A lot of smart writing was on display, with a few oddities that did little to hamper the experience. Jumping right into the action (11 years after X-Men: First Class) worked well with the fast-paced opening, setting the stage for the characters’ dire straights. The bullet points of what happened in the intervening years were shown, providing satisfactory explanations as to certain characters’ absences, for the most part. While I didn’t believe that characters X,Y, and Z were killed — mostly because there wouldn’t be enough room for them in the movie — how their deaths fueled Trask’s research made up for it.
I could write an entire post about every odd note with a corresponding positive that it was spun into, but that would be pointless. The movie was fantastic. Kitty can send people back in time. Why? Who cares! It worked. Beast wasn’t blue. That made it acceptable for his character to be present at other key moments. Considering the convoluted history of the X-Men on- and off-screen, the fact that this is so well put together is a feat all on its own.
As for the performances, you know what to expect. Many, such as Hugh Jackman or Michael Fassbender, have already established their interpretations of the characters. They were all fantastic. Peter Dinklage’s Boliver Trask was good, if only a little underdeveloped. He lacked a clear motivation. He wanted to develop Sentinels to hunt mutants, but no personal reason was given. He just did. On the other hand, Evan Peters’ Quicksilver was fantastic. This should be forever cemented as a prime example of how important context is. Fans cried foul when images of him were released. Given his character, and purpose, it made sense. Not only was he fantastic, he had one of the best scenes in the movie.

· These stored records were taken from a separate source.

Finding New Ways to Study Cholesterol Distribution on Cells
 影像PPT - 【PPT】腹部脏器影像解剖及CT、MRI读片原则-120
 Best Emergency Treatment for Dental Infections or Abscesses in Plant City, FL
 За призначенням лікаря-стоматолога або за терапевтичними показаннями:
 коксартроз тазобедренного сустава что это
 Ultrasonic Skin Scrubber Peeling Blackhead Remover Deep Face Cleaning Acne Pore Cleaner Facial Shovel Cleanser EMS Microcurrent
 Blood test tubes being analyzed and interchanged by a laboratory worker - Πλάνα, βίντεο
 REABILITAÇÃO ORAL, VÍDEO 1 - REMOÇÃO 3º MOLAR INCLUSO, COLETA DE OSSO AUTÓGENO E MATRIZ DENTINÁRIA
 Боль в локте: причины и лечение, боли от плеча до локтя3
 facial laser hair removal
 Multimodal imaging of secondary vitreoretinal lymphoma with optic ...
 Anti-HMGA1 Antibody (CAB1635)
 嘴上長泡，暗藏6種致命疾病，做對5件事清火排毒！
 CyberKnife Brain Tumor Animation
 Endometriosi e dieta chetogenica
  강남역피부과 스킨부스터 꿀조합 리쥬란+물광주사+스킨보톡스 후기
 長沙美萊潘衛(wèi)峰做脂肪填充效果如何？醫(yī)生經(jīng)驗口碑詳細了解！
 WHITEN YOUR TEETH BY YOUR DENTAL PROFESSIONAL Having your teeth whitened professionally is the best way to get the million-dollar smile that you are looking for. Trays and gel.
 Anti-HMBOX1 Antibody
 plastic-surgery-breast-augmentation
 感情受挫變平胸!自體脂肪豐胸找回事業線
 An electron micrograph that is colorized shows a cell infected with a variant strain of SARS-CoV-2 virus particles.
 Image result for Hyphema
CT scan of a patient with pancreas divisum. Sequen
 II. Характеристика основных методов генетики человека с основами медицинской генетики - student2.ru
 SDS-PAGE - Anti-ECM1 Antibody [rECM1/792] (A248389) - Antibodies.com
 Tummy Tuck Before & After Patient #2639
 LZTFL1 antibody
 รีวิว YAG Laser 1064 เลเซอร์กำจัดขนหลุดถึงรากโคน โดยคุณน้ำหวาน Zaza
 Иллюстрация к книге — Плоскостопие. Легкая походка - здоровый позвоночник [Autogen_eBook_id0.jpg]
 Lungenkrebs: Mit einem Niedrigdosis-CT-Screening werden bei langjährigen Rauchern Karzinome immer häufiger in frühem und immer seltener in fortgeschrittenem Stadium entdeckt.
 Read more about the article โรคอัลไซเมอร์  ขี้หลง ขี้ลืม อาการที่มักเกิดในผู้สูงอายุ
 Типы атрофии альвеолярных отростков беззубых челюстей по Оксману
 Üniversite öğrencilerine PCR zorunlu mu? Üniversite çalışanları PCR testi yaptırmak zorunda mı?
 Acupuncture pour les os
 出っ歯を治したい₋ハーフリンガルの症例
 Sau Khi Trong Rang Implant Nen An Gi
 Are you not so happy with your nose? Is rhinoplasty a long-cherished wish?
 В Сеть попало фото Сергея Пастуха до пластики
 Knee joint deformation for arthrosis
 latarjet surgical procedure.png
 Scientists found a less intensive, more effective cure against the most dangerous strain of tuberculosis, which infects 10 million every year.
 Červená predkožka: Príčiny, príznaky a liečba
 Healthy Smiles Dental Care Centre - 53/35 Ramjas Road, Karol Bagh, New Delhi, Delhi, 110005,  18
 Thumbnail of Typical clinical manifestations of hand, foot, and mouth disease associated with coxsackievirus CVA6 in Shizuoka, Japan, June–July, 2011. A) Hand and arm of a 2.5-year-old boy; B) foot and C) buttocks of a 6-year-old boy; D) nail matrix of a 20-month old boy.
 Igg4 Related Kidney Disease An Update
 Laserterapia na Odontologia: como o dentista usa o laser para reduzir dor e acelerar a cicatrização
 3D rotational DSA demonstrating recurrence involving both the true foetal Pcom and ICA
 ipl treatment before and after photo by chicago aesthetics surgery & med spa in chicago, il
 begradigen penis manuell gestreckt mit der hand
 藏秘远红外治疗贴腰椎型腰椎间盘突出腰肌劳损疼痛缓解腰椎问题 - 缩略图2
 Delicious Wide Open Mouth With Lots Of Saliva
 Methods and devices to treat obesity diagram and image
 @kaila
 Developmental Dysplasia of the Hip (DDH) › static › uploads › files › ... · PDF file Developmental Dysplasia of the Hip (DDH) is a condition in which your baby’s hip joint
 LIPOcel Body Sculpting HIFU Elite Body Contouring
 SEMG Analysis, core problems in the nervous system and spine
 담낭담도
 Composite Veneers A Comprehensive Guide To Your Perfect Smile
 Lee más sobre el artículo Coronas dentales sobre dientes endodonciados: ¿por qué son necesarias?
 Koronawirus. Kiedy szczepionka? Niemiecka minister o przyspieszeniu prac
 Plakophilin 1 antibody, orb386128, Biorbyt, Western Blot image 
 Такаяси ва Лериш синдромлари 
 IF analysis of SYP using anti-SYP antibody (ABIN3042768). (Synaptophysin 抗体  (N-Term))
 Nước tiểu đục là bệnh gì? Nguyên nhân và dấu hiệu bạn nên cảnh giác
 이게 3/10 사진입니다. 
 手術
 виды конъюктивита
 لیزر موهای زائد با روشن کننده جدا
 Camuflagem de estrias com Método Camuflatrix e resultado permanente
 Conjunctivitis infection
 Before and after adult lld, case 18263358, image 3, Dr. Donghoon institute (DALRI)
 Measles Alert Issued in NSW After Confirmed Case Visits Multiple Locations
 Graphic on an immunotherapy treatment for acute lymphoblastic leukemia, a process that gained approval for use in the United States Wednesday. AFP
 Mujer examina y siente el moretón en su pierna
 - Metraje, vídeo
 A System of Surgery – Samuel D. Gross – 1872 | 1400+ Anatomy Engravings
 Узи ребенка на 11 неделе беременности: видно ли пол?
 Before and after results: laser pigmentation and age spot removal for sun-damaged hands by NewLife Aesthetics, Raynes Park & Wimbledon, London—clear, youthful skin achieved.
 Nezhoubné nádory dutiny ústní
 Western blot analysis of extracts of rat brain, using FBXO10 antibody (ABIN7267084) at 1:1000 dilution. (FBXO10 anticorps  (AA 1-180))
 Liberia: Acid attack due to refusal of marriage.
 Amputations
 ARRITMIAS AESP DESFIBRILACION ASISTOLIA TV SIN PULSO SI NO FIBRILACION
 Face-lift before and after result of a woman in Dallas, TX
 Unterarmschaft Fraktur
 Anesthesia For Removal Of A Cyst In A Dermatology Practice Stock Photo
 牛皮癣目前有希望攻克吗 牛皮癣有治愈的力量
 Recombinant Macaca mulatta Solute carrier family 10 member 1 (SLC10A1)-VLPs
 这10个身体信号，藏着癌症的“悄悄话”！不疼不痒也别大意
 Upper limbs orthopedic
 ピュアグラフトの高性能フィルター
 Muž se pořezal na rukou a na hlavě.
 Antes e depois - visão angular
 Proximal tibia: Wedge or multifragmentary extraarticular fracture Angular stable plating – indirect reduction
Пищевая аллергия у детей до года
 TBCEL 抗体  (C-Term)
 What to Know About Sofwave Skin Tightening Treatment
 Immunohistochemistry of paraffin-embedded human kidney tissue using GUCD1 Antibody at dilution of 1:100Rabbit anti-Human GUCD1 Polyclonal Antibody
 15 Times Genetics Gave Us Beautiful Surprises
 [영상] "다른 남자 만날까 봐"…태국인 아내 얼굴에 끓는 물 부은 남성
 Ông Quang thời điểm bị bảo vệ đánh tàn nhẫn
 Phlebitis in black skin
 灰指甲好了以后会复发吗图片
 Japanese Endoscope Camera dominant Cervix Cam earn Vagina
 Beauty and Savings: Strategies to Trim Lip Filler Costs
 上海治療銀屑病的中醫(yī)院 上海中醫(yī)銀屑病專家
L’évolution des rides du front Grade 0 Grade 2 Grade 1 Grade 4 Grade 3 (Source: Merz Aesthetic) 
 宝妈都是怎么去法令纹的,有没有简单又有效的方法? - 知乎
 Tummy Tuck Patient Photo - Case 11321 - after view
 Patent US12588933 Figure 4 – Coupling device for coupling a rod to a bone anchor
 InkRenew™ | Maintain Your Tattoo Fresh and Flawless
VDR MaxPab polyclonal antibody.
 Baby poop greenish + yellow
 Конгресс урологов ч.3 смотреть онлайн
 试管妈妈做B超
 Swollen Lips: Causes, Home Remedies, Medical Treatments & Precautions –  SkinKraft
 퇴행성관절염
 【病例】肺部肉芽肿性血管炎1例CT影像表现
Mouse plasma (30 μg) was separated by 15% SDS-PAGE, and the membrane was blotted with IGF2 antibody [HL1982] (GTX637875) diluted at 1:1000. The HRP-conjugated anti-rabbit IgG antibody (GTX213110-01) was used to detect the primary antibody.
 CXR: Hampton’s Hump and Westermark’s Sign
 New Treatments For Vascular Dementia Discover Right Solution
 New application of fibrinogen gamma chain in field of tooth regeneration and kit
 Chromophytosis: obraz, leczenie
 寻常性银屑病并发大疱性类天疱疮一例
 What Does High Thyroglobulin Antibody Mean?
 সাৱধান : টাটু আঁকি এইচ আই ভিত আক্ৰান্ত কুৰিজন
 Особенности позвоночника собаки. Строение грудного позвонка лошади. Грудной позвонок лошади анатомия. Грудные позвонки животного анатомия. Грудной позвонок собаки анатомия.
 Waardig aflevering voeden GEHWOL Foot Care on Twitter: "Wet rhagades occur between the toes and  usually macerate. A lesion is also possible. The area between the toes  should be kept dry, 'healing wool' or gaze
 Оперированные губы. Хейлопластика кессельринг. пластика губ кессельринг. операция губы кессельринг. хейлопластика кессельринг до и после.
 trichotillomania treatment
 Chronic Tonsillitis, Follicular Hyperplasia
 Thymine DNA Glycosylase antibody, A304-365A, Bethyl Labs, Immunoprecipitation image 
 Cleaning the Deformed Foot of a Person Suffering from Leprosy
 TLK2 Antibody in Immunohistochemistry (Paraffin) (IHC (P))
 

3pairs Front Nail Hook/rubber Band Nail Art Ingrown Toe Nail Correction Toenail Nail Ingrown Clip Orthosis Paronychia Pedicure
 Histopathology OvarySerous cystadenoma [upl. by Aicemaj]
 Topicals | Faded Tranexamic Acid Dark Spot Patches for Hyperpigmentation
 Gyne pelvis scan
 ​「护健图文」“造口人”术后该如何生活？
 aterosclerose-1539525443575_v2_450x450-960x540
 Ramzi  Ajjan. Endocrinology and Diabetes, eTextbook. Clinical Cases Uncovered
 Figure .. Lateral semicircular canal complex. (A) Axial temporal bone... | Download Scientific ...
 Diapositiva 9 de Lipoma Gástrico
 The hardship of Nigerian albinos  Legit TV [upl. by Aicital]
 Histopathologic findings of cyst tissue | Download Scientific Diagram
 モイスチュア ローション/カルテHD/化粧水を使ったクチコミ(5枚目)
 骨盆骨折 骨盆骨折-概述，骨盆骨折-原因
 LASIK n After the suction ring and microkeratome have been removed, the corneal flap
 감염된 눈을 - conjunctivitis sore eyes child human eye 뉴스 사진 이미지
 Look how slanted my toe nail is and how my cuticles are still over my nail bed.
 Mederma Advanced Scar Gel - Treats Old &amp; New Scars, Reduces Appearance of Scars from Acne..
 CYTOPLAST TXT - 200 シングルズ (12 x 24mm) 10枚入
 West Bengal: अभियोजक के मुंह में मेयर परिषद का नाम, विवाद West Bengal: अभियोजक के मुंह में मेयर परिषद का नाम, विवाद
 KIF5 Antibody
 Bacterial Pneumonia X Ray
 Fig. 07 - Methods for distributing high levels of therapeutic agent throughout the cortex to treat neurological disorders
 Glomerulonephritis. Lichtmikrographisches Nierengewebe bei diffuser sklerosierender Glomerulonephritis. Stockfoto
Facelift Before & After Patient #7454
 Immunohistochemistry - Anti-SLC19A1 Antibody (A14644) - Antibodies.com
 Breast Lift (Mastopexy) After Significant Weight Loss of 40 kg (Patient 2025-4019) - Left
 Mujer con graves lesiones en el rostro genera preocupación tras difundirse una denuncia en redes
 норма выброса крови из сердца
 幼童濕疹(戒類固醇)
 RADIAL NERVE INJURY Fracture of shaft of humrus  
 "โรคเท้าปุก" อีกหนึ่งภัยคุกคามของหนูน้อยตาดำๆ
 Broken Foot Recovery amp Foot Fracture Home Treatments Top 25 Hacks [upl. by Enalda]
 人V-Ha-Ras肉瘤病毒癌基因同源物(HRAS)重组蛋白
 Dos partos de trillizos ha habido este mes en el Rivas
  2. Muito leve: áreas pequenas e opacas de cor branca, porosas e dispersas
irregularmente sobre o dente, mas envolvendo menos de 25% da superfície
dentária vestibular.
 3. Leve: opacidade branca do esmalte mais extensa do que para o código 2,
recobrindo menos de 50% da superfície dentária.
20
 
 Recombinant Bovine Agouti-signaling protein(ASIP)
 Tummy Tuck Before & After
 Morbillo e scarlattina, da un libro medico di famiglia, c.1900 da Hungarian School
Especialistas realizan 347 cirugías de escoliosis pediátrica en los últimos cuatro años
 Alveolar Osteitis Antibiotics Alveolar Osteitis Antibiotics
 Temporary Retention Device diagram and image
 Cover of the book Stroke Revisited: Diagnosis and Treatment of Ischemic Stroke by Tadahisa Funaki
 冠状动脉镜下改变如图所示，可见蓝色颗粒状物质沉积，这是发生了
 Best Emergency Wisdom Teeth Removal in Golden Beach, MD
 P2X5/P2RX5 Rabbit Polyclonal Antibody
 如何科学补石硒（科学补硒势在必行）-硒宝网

Ultimately, Bryan Singer and Fox delivered on their promise, fixing the X-Men property through a common element for the characters: time travel. The ending was sweet and made me wonder where they’ll go from here. Some recasting will be needed soon, and this would have been the opportunity to do it, but only time will tell. If you were lost by the end credits tag, this will help. As for the opening cast, I think this was a test bed for X-Force.
X-Men kicked off the superhero craze in 2000. Others have evolved and perfected it, leaving the mutants behind. Days of Future Past firmly brings them back into the forefront, not only making them relevant, but putting them near the top of the list. Hopefully, Fox can keep the franchise on course.
Quicksilver work for you? Any plot point not click? Comment below!
Blink was pretty sweet.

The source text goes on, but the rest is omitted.